ML Code Completeness Checklist
Last year Joelle Pineau launched the Reproducibility checklist to facilitate reproducible research presented at major ML conferences (NeurIPS, ICML, …). Most of the items on the checklist focus on components of the paper.
One item on that checklist is “provide a link to source code”, but little guidance has been given beyond this. We at Papers with Code host the largest collection of paper implementations in one place, so we collated the best practices we’ve seen used by the most popular research repositories.
We summarized these best practices into ML Code Completeness Checklist that is now part of the official NeurIPS 2020 code submission process, and will be available to reviewers to use at their discretion.
ML Code Completeness Checklist
With the goal of enhancing reproducibility and enabling others to more easily build upon published work, we introduce the ML Code Completeness Checklist.

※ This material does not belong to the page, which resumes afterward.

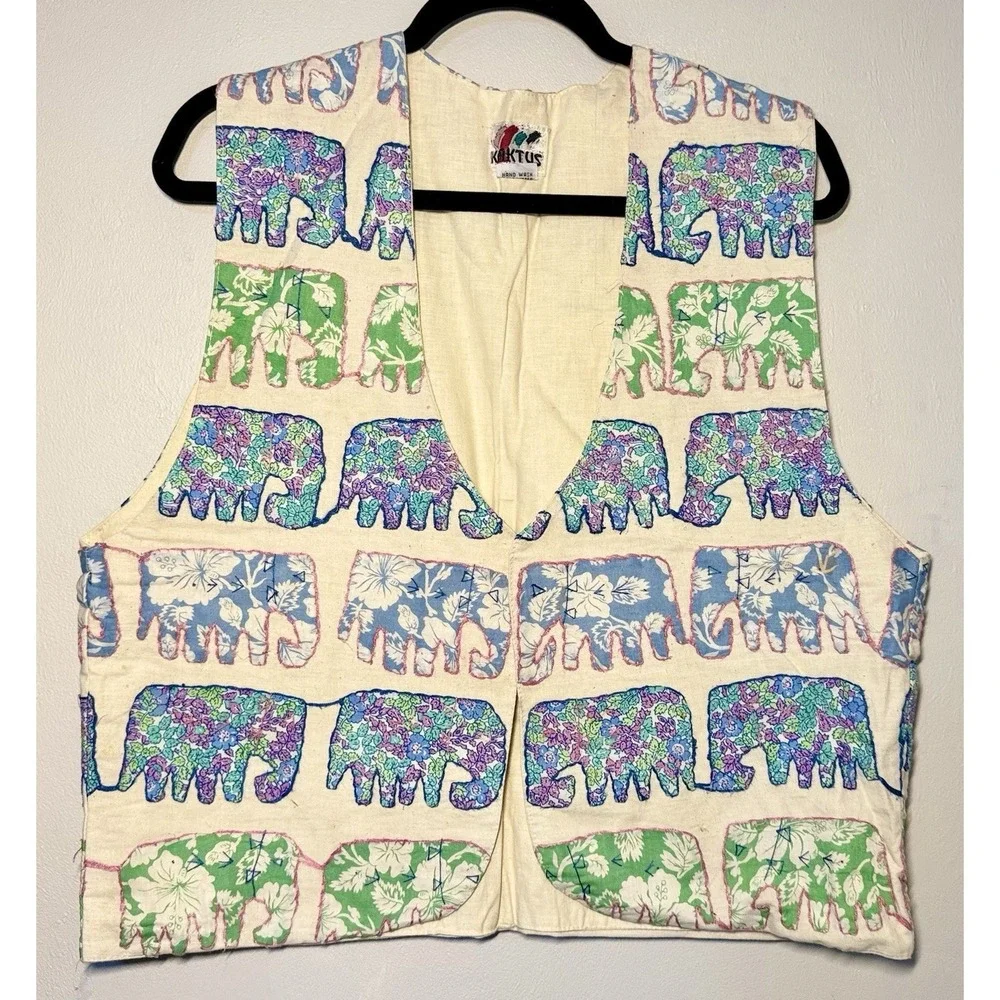 Vintage Hippy Kaktus Vest Size L Elephant Quilted Stitch Safari Savanna 90s Boho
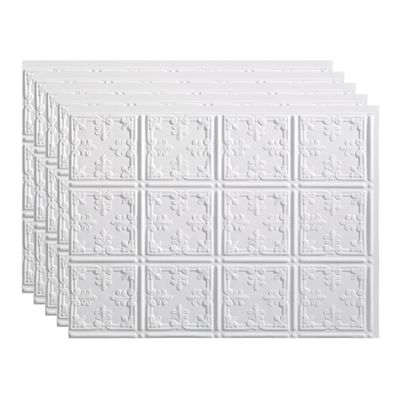 Fasade 18in x 24in Traditional 10 Matte White Backsplash Panel 5pk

The ML Code Completeness Checklist assesses a code repository based on the scripts and artefacts that have been provided within it. It checks a code repository for:
- Dependencies — does a repository have information on dependencies or instructions on how to set up the environment?
- Training scripts — does a repository contain a way to train/fit the model(s) described in the paper?

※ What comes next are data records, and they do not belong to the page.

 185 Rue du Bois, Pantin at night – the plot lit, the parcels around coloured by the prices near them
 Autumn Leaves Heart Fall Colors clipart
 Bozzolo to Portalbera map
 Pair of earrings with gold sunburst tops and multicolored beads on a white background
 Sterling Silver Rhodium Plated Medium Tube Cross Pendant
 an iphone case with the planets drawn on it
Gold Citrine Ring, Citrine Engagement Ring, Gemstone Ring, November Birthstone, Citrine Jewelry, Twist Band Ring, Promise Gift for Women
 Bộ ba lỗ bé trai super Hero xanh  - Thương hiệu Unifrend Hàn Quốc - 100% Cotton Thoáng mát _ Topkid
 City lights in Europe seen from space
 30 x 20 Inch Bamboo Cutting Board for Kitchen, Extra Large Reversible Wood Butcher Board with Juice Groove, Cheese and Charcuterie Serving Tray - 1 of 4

- Evaluation scripts — does a repository contain a script to calculate the performance of the trained model(s) or run experiments on models?

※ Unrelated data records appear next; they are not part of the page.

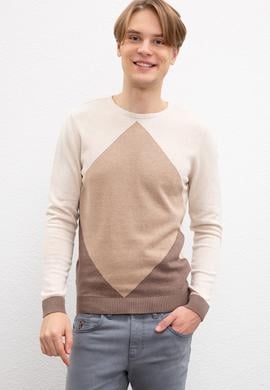 Erkek Camel Melanj Bisiklet Yaka Triko Kazak - 50207700008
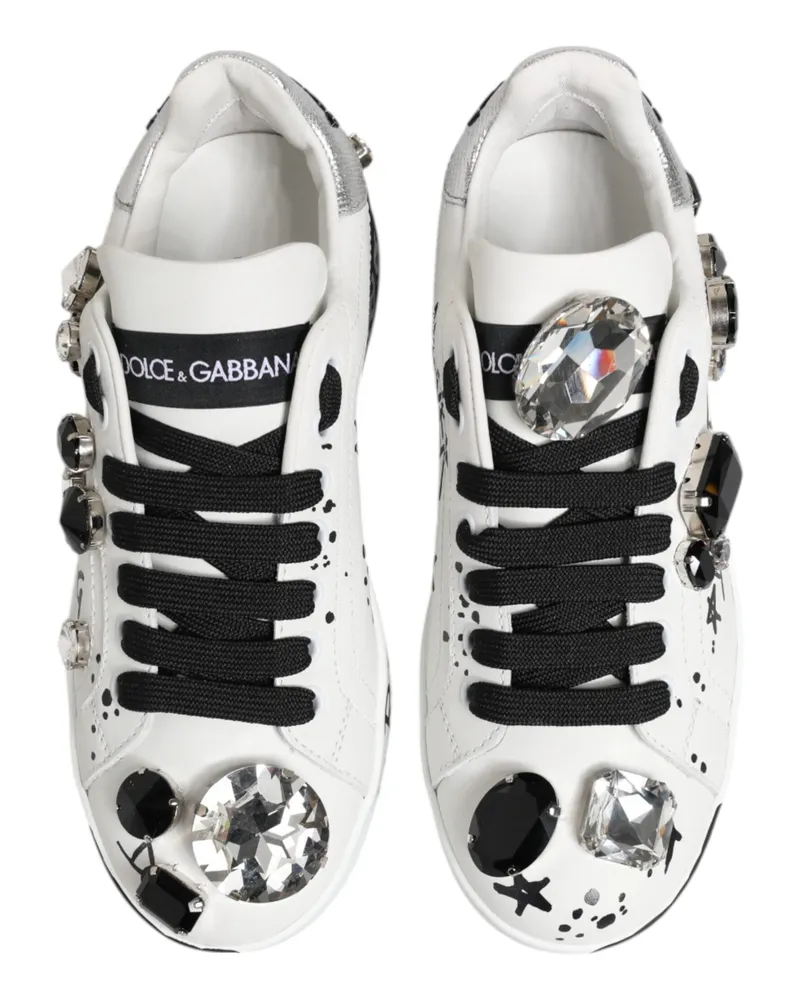 Dolce & Gabbana Women's White Portofino Crystal Sneakers Shoes Leather White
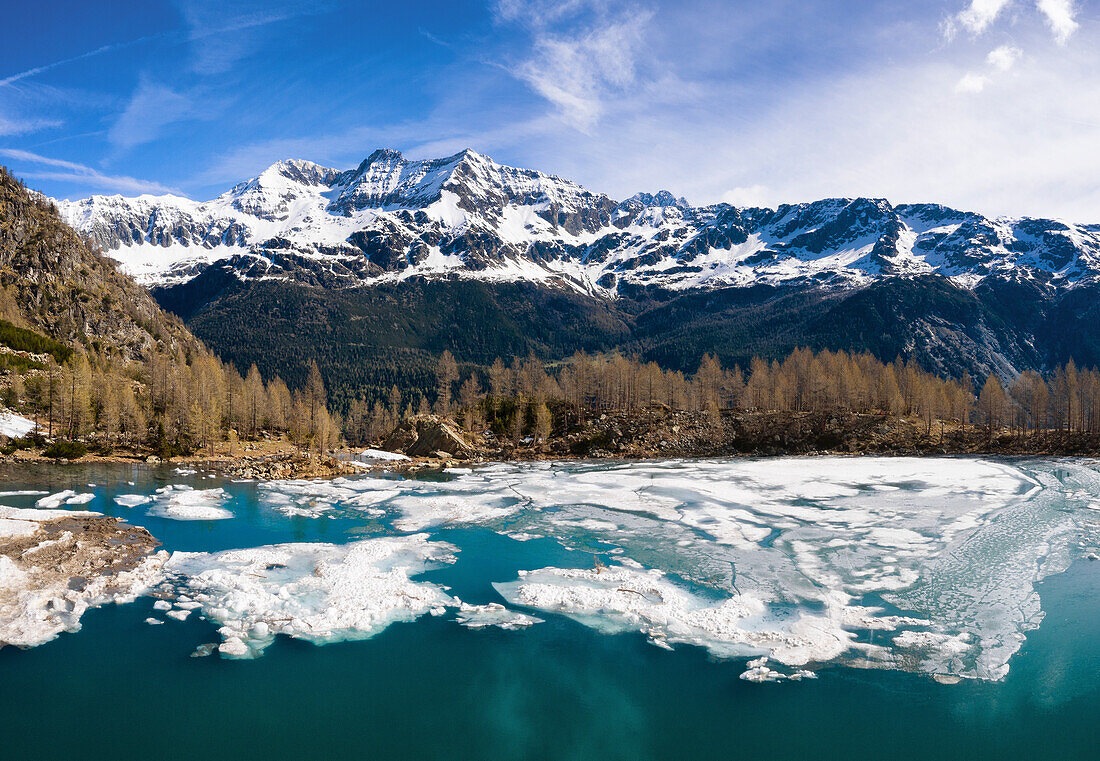 Thaw of lagazzuolo lake in Valmalenco, Sondrio province, Valtellina, Lombardy, Italy, Eorope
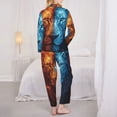 thumbnail image 3 of Pajamas for Women Set - Red and Blue Fire Lion Comfy Long Sleeve Button Up Pajama Sets for Women 2 Piece, Soft Sleepwear Nightwear Pjs Lounge Sets for Women with Pockets, 3 of 6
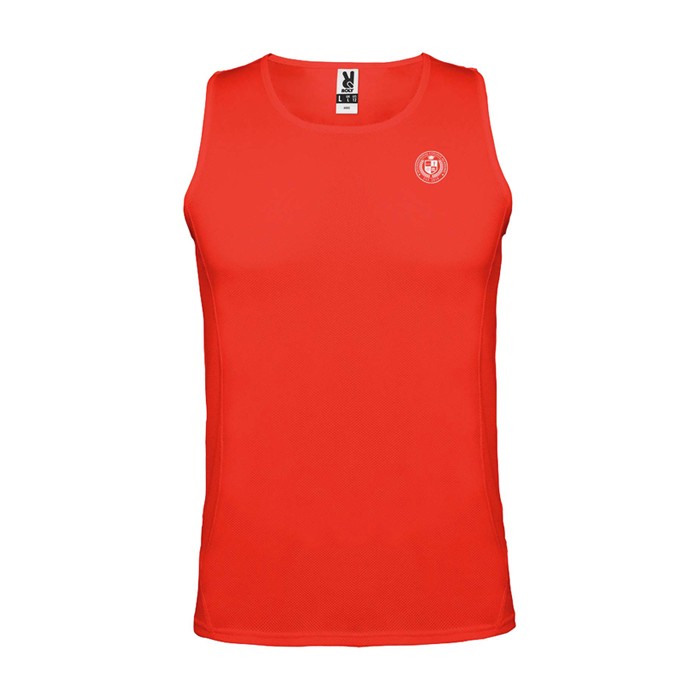 Camiseta deportivo infantil con etiqueta removible 140 g/m2 Roly color rojo vista impresión serigrafía Camiseta deportivo infantil con etiqueta removible 140 g/m2 Roly color rojo vista impresión serigrafía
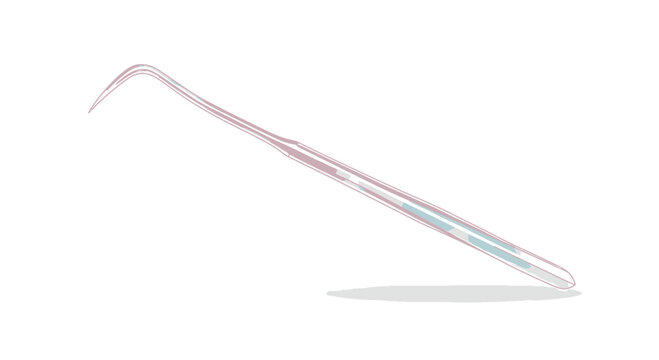 Dental explorer tool with a thin, angled tip for precise examination and diagnostics in oral care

- Pretrained models — does a repository provide free access to pretrained model weights?
- Results — does a repository contain a table/plot of main results and a script to reproduce those results?
Each repository can get between 0 (has none) and 5 (has all) ticks. More details on criteria for each item can be found in our github repository.
What’s the evidence that checklist items encourage more useful repositories?
The community commonly uses GitHub stars as a proxy for repository usefulness. Therefore, our expectation is that repositories scoring higher on the ML Code Completeness Checklist should also tend to have more GitHub stars.
To verify this hypothesis we selected the 884 GitHub repositories submitted as official implementations to NeurIPS 2019 papers. We randomly selected a 25% subset of these 884 repositories and manually scored them on the ML Code Completeness Checklist.
We grouped this sample of NeurIPS 2019 GitHub repositories by how many ticks they have on the ML Code Completeness Checklist and plotted the median GitHub stars in each group. The result is below:
NeurIPS 2019 repositories with 0 ticks had a median of 1.5 GitHub stars. In contrast, repositories with 5 ticks had a median of 196.5 GitHub stars. Only 9% of repositories had 5 ticks, and most repositories (70%) had 3 ticks or less.
We also ran the Wilcoxon rank sum test, and found that the number of stars in the 5-tick class is significantly (p.value < 1e-4) higher to all other classes except 5 vs 4 (where the p.value is borderline at 0.015). You can see the data and code behind this figure in our github repository.
To examine if this relationship holds more broadly, we created a script to automate the checklist calculation from the repository README and its associated code. We then repeated the analysis on the whole set of 884 NeurIPS 2019 repositories, and also on a wider set of 8926 code repositories for all ML papers published in 2019. In both cases, we got qualitatively the same result, with median stars monotonically increasing with ticks in a statistically significant way (p.value < 1e-4). Finally, using robust linear regression, we found that pretrained models and results have the largest positive impact on GitHub stars.
We feel this is useful evidence that encouraging researchers to include all the components stipulated by the ML Code Completeness Checklist will lead to more useful repositories, and that the checklist score is indicative of higher quality submissions.
At this time, we are not claiming that the suggested 5 checklist items are the only or even the biggest contributors to repository’s popularity. Other factors are likely to influence popularity, such as: size of scientific contribution, marketing (e.g. blog posts and Twitter), documentation (comprehensive READMEs, tutorials and API documentation), code quality and previous work.
Some example NeurIPS 2019 repositories with 5 ticks are:
We acknowledge that while we aimed to make the checklist as general as possible, it might not be fully applicable to all types of papers, e.g. theoretical or dataset papers. However, even if the primary goal of a paper is to introduce a dataset, it can still benefit from releasing baseline models, with training scripts, evaluation scripts and results.
Start using it
To make it easier for reviewers and users to understand what is included in the repository and for us to correctly score it, we provide a collection of best practices around writing README.md files, specifying dependencies, releasing pretrained models, datasets and results.
Our recommendation is to clearly lay out these 5 elements in your repository, and to link to any external resources, such as papers and leaderboards to provide more context and clarity to your users.
These are the official code submission recommendations at NeurIPS 2020.
Let’s work together to improve reproducibility in our field and help advance science!